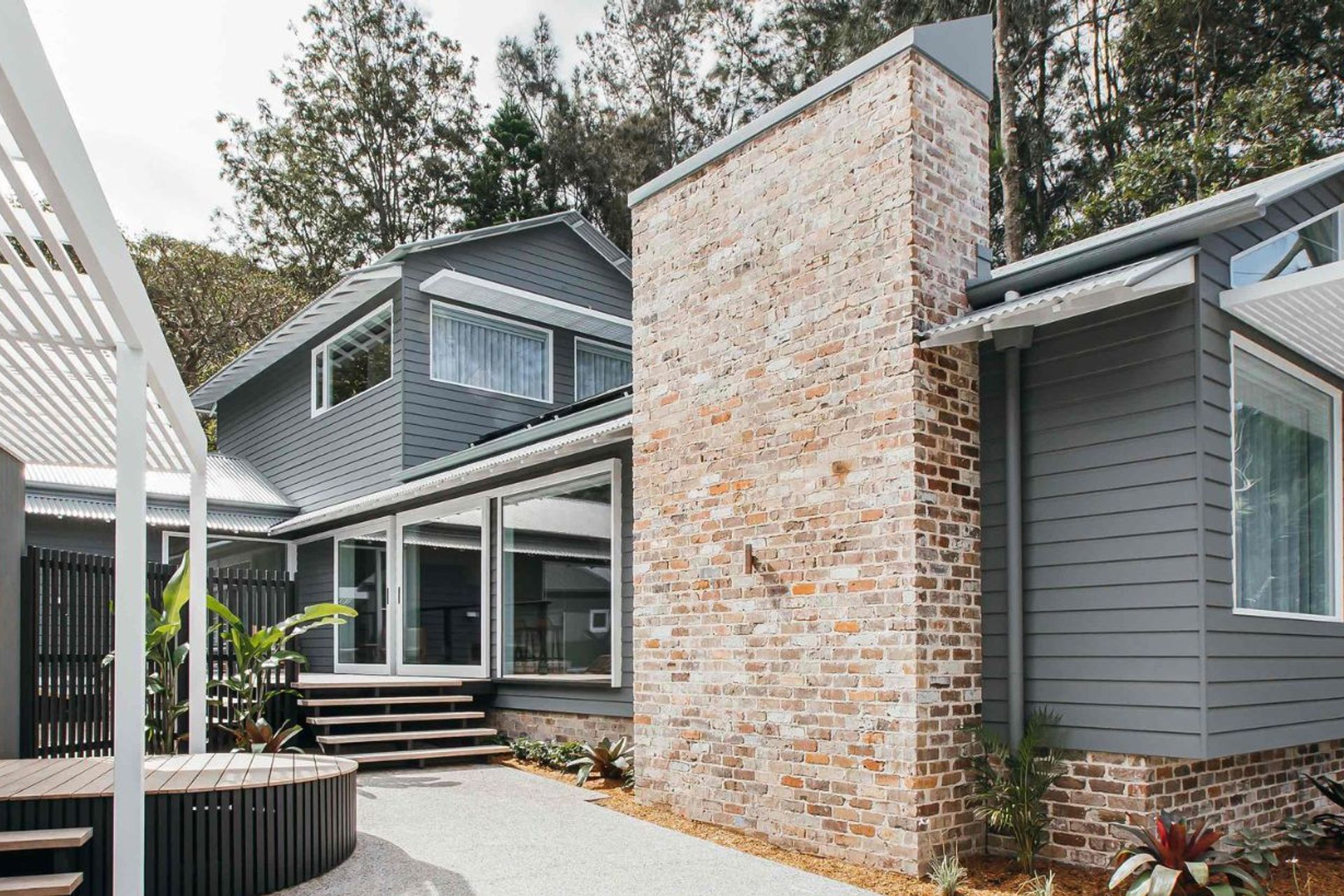 Supporting Image 7 for Lou Projects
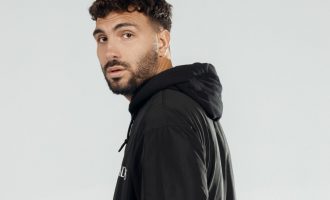 Ledri Vula me tjetër tatuazh në trup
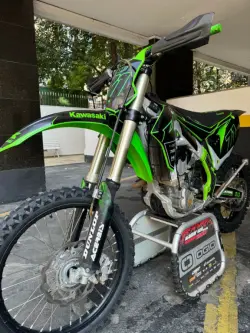 KAWASAKI KX 250 F 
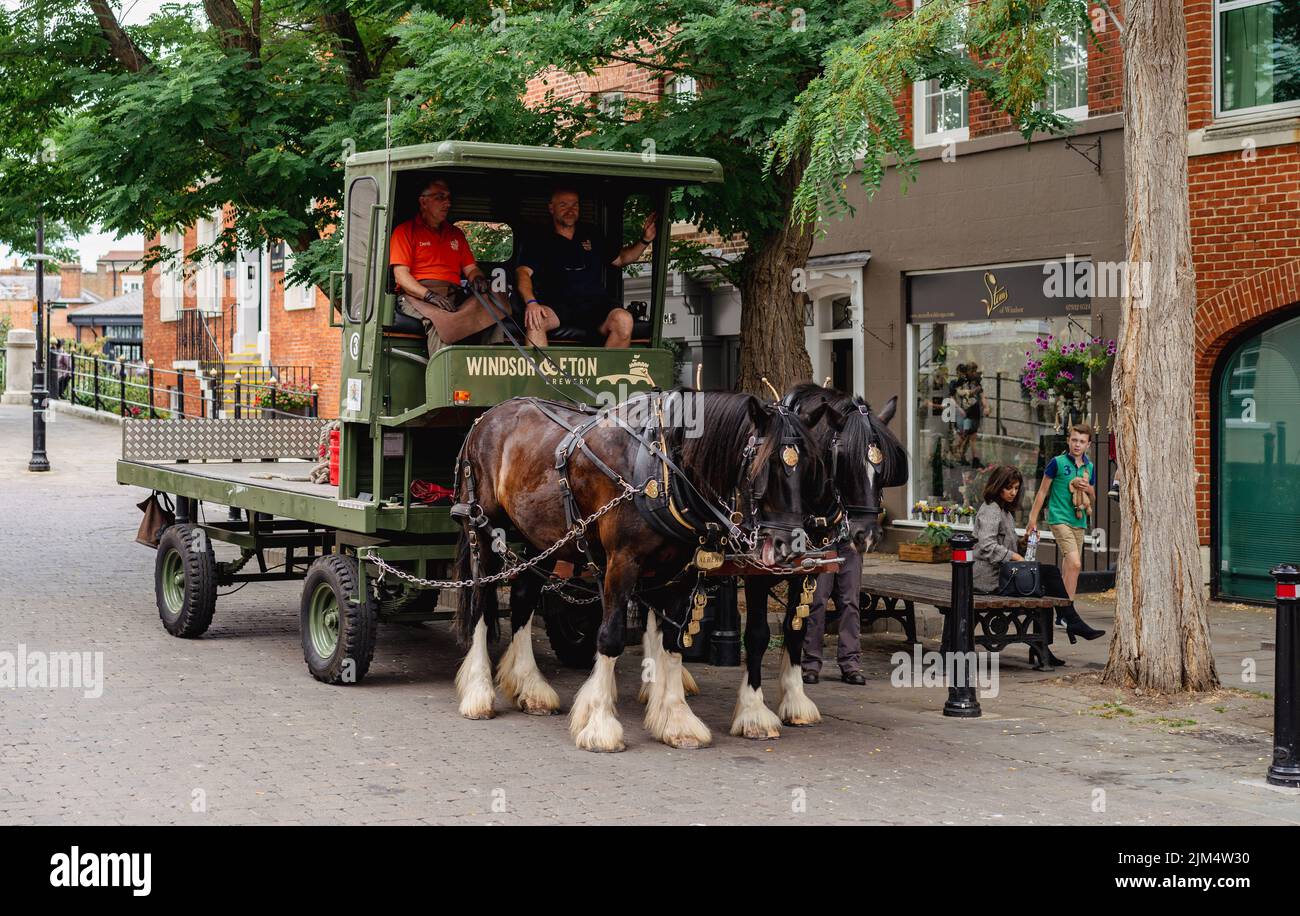 Horse Drawn deliver carriage for the Windsor and Eton Brewery Stock Photo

### EXERCISE OBJECTIVE
Pictures are not part of the copy; retype all the other material exactly.

### OUTPUT FOR THIS TASK
 Supporting Image 7 for Lou Projects
 Ledri Vula me tjetër tatuazh në trup
 KAWASAKI KX 250 F 
 Horse Drawn deliver carriage for the Windsor and Eton Brewery Stock Photo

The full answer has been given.